How SMEs can position products to effectively access markets
SME owners planning to access a market should have a deeper understanding of the market and industry they intend to penetrate. It is therefore important to conduct a feasibility study, to ensure that the target market is clearly defined and singled out, said Joseph Tshiwilowilo – CEO JMT Consulting. Blindly going into a foreign market without proper research, could lead to failure. Thus, an SME should have a clearly defined and segmented niche market that will likely respond to the products.
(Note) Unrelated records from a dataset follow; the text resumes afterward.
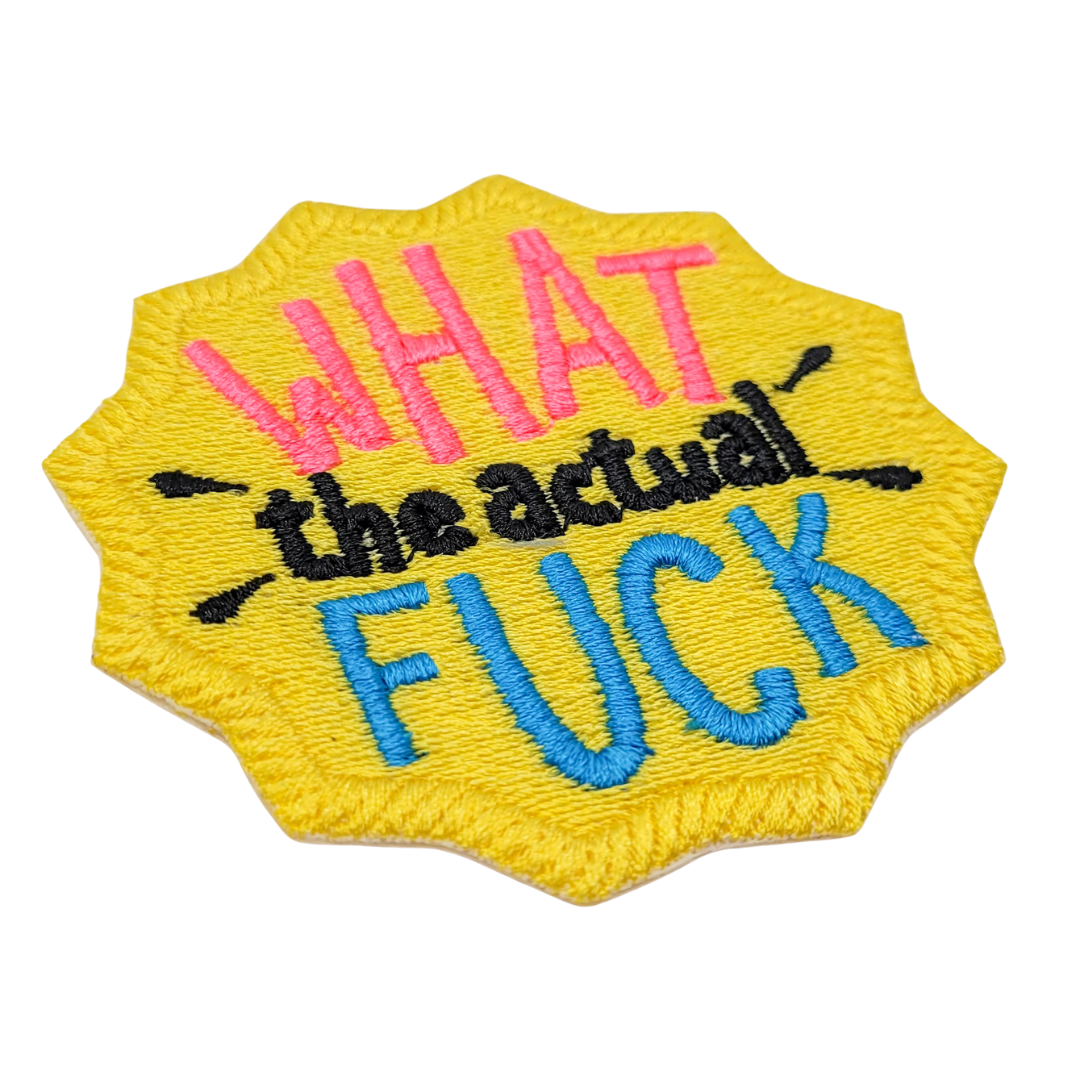 What the Actual Fuck Embroidered Patch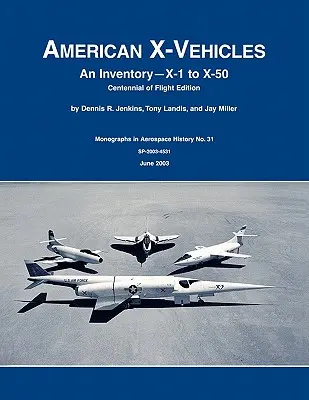 Amerikanische X-Fahrzeuge: Eine Bestandsaufnahme - X-1 bis X-50. NASA-Monographie zur Geschichte der Luft- und Raumfahrt, Nr. 31, 2003 (SP-2003-4531) - American X-Vehicles: An Inventory- X-1 to X-50. NASA Monograph in Aerospace History, No. 31, 2003 (SP-2003-4531)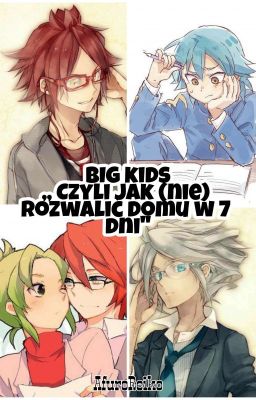 BIG KIDS | Czyli jak (nie)rozwalić domu w 7 dni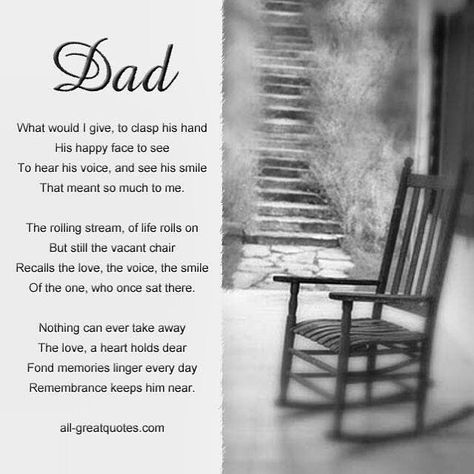 You never "get over" losing someone special...especially a father. The grief never ends, it just evolves as time moves on. Miss my Dad so so much! Three years today already 04/15/12. Dad In Heaven Quotes, Cards Fathers Day, Fathers Day In Heaven, Cards For Dad, Missing Dad, Dad Poems, I Miss My Dad, I Miss You Dad, Remembering Dad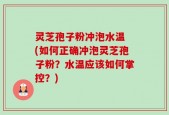 灵芝孢子粉冲泡水温 (如何正确冲泡灵芝孢子粉？水温应该如何掌控？)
How strategic partnerships can enable access to markets
Strategic partnerships are all about knowing exactly who your key stakeholders are, and how you are going to leverage them to get your product into a market, says Nothile Mpisi, GM – EkasilabsSoweto. Partnerships enable SMEs access to existing customer databases, valuable resources and supply chains that have alrteady been put in place. Regina Gounden, Provincial Manager – Nedbank Small Business Enterprise, said “Banks are not all about lending money, SMEs should start building relationships with banks in order to access resources, support and markets”. An SME cannot grow in isolation, she added. SMEs can register on Nedbank simply biz to access a pool of resources and information that can assist them with their business.
How an SME can scale up
As an SME, it is important to have an understanding of your business model and to have a strategy to scale up. Scaling up requires determination, effort, and commitment from the entrepreneur. “Most SMEs are not aware of the terminologies used in business, thus the reason for misperception and lack of clear understanding of what it takes for an SME to grow”, said Sifiso Ndwandwe – Executive Director – Catalyst for Growth (C4G). In order to build a strategic partner an SME needs to have a strategy, and vision. Without a vision, there is no growth. “Always remember why the business was started in the first place”, said Regina. South Africa signed an African Continental Free Trade Area (AFCFTA) in 2018. The aim of the agreement was to create Africa’s biggest free-trade market for African businesses and investments, said Jan Magoro, Director – Department of Monitoring and Evaluation (Presidency). This meant that business owners within the African continent can trade freely across African borders. More information about this agreement can be found on Summary of Main Trade Agreements between South Africa and the rest of the World
Rounding it all up
SMEs are key to employment creation and economic growth. However, in order to achieve this, SMEs require support from the public and private sectors. Government interventions have enabled SMEs through various initiatives and development programmes. Key players in the entrepreneurial ecosystem need to also play a part, said Dr. Sam Koma – Head of Research Milpark Education. Government alone cannot achieve the NDP 2030 vision of poverty alleviation and job creation. We need to come together as a collective, all industries and sectors, with a view to develop solutions to key challenges faced by SMEs. Clarenelda Van Viel, a Director at Green Valley Consultants stressed that entrepreneurs should continuously seek information and empower themselves by reading books to enlighten their minds and remain motivated throughout their entrepreneurship journey.